Methyl malonic aciduria as a separate entity was known from 1967 from the separate reports by Oberholzer et al. and Stokke et al. They described critically ill children with profound metabolic acidosis and developmental retardation who accumulated large amounts of methylmalonate in blood and urine. Many reports of methylmalonic acidurias followed. As with PA, methylmalonic acidurias are heterogeneous groups of diseases and distinct genetic mutations in mut, cblA and cblB genes are known. Methylmalonic acidurias are also associated with homocystinuria due to defects in cblC, cblD and cblF genes [51] as well as nutritional deficiency of Vitamin B12.

Isovaleric Acidurias

Initial report of isovaleric acidurias was by Tanaka et al. in 1966. Isovaleric aciduria is the first OAD discovered by GC/MS analysis of metabolites. Two varieties are described, the acute neonatal type and the chronic intermittent type. One of the characteristic features of isovaleric aciduria is the presence of “sweaty foot” odour to urine due to elevated isovaleric acid. Normal development occurs with leucine restriction and administration of carnitine/glycine [51].

Glutaric Aciduria Type I

The condition was first described in 1975. Glutaric acid concentrations are elevated in all tissues, including liver, brain, kidney, eyes, muscles etc. Treatment by restriction of glutarigenic amino acids, lysine, tryptophan and hydroxyl lysine, and supplementation with L- carnitine and riboflavin has been successful. Laboratory features are present only during the acute phase of the disease [51].

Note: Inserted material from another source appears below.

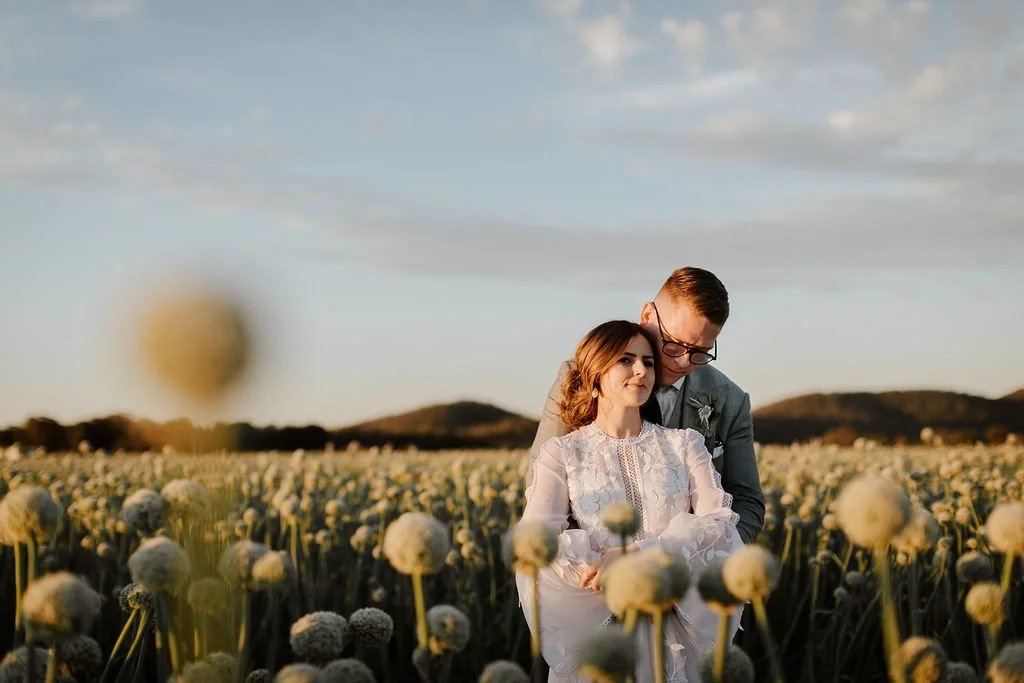 brittney_luke_blue_wren_wedding_gez_xavier_mansfield_photography_2019-917.jpg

Multiple Carboxylase Deficiency

The first case of multiple carboxylase deficiency was described by Gompertz et al. in 1971. There was a dramatic improvement in symptoms by the administration of biotin. The disease could be due to two distinct diseases of biotin metabolism. The first group is due to holocarboxylase deficiency, where there are distinct clinical features including the characteristic skin rash and/or alopecia. The second larger group is due to biotinidase deficiency, but both groups respond dramatically to biotin therapy. Urinary metabolite identification is very important to prevent misdiagnosis as well as therapeutic purposes [51]. “Tomcat urine” smell is characteristic.

Other Organic Acidurias

There are a large number of rarer OAD entities; some of the important ones are summarized in Table 3. Most of them are very rare and in some cases, only a few cases have been reported.